> -----Original Message-----
> > I would like to calculate the RELATIVE euclidean distance. 
> Is there a 
> > function in R which does it ?
> > 
> 
> A simple solution to this is to transform the data and then 
> compute the Euclidean distance using dist().
> 
> decostand(foo, method = "normalize") and
> 
> disttransform(foo, method = "chord") in package BiodiversityR 
> 

See also ?scale in the base package, which will centre and scale by sd by 
default.

But 'relative euclidean distance' is not that straightforward to explain. 
'Relative' usually means 'divided by the true (or mean) value', or at least it 
does for most chemists.

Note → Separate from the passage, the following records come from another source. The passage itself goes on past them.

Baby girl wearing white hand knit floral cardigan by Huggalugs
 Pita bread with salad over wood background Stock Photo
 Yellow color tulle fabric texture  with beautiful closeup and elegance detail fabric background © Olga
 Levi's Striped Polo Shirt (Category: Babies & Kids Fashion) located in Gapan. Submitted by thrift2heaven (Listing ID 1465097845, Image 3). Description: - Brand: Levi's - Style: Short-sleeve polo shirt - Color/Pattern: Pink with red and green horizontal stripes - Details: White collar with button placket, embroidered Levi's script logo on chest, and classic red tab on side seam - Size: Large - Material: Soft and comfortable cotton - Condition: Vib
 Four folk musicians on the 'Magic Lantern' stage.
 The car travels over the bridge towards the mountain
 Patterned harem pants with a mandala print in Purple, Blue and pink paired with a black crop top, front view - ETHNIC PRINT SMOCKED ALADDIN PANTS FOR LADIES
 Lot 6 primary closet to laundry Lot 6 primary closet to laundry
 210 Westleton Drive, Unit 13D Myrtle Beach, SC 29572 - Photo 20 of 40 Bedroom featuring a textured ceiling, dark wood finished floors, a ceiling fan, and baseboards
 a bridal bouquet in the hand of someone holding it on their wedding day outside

You almost certainly don't mean 'euclidean distance 
divided by mean euclidean distance'. I suspect - because I'm a chemist and it's 
what I'd by considering in your shoes - that what you're asking for is the 
euclidean distance between points defined by concentrations of your 94 analytes 
scaled by mean value. 

scale() will (by default) scale by dividing by centring on means and dividing 
by the sd, and that is usually the most sensible thing to do for multivariate 
data sets where the units or scales for each variable are very different.  
Scaling by sd and scaling by mean value could give appreciably different 
answers. Although relative sd for chemical measurement is often near-constant 
over modest ranges, there is no particular reason to expect that the sd is 
strictly proportional to the mean over orders of magnitude, and in fact it 
generally isn't (relative SD tends to be larger for low-level analytes than for 
higher levels). The difference between the two would be essentially that if you 
divide by mean value, things with a large relative SD will tend to dominate the 
variations in 'distance', whereas if you centre and divide by SD, that won't 
happen to the same extent. But which option is more useful is hard to predict. 

Me, I think I'd try both and see which made most sense. 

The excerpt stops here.